Подошел, поздоровались.
- Ну так чего, в город спешишь?
- Нет, что мне город? Так, дела есть.
- Дела, говоришь? - понимающе повел рыжеватыми бровями Вася, - У меня к тебе, Демидыч, тоже делишко есть. Погляди "Газик" мой, а то ведь завтра с утра на хлеба, а ему хоть кол на голове теши, фыркает, да не заводится.
- Не могу, некогда, - неуверенно пробурчал старик, - Дела есть. Неотложные.
- Ну Демидыч, - по-детски завел волынку Вася, - Век тебя не забуду, помоги!
Именно сегодня "век не забуду" для Петра Демидовича значило больше всех изобретенных человечеством слов. Деланно приосанившись, он зашагал к Васиной ограде. Минут так через сорок "Газик" был готов не то что на хлеба, но и в кругосветку какую. Дело мастера боится. А уж такого золоторукого и подавно.
- Эх, спасибо, отец родной! - радовался Сухой, - Может довезу тебя?
- Сам, сам дойду. Потом, попозже меня транспортируешь, - ответил, испачканный машинным маслом Демидыч, и ажно сам испугался того, чего произнес. Надо же додуматься - "транспортируешь". Тьфу, дубина!
И вновь посеменил Петр Демидович на край села. Но немножко смущенно. Ведь полезен же он кому-то. Преставься он ночью, и чего бы тогда Вася со своим "Газиком" делал? Накося-выкуси. Нет Демидыча - и всякая механизьма будет обыкновенным железом, и не более того. Хоть плачь, в самом деле. Жизнь-то хороша, но ограниченна во времени. И нажиться толком не успел. Вон Галочка, бухгалтерша. Молода, красива. И прямо видно, как жизнь из нее струями сочится. А она и не задумывается о том, что имеет. Потому как рано ей об этом думать. Такое лишь на смертном одре в голову взбредет.
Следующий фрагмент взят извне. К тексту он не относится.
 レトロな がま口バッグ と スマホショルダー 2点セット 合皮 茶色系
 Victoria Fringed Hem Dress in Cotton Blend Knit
- Здравствуйте, Петр Демидович! - ишь как улыбается, огнем горит девка.
- Здравствуй, Галочка.
- Запамятовала я что-то, Вы день рождения завтра справляете, или послезавтра?
Матушки! А ведь и забыл совсем! Дням да годам счет потерял. Хотя какое тут рождение, когда смертушка за плечо хватает.
- Завтра, Галочка.
- Ну, завтра приду Вас поздравлю! - и радостная такая, будто бы Петр Демидович завтра действительно из чрева матери голову на свет покажет. Куда там...
Обменявшись с Галочкой дежурными, но дружелюбными фразами, старик продолжил свой скорбный путь. И когда до цели оставалось всего-то ничего, калитку отворить, из-за угла выступил Николай Арнольдович Фельдманов, что является главным кадровиком в колхозе. Была у него такая дерзкая особенность, всем известная, и всех даже и не пугавшая, однако предостерегавшая - любил он изобличать тружеников от сохи, встречая их в разнообразных, неподходящих для советских людей местах. Сельская церквушка была одним из тех мест, где товарищ Фельдманов предпочитал бороться с "раскольниками", или, как он их в данном случае называл, с "поклонниками культа". Тень искреннего удивления легла на грубоватое лицо Николая Арнольдовича при виде опытнейшего механизатора, намеревающегося проникнуть в лоно церкви.
- Ну-ну, Петр Демидович, ну-ну, - проговорил главный кадровик, - На старость лет решили примкнуть к печальному стаду сумасбродных старух? Ну-ну.
Петр Демидович стоял как нашкодивший ученик перед грозным учителем, жалостно шмыгал носом и боялся поднять глаза. А Фельдманов уже вносил фамилию старика в "позорный" список социалистических отщепенцев, в которых, судя по объему засаленного блокнотика, на колхозной почве недостатка не было.
- Что же Вы, Петр Демидович? Сами решились, или по науськиванию?
- Я, товарищ Фельдманов, умираю, - неровным голосом произнес механизатор, - Вот и подумал, коли умирать приспичило, так хоть под иконами умереть-то. Всё ж надежда какая-никакая.
Фельдманов удивленно смерил взглядом Петра Демидовича, виновато кашлянул, и молча отправился во свояси.
Хоронили Петра Демидовича по-советски, сухо, немногословно и без особого почета. Правда главный колхозный кадровик Николай Арнольдович Фельдманов, утирая скупую слезу, высказался, что, мол, потеряли такой пример для советской молодежи, который и в Большую Советскую Энциклопедию не зазорно поместить, чтобы все знали каких могучих людей способен воспитать труд плюс грамотное, идеологически отточеннное руководство.
А служитель культа этим вечером запалил свечку во спасение души усопшего селянина.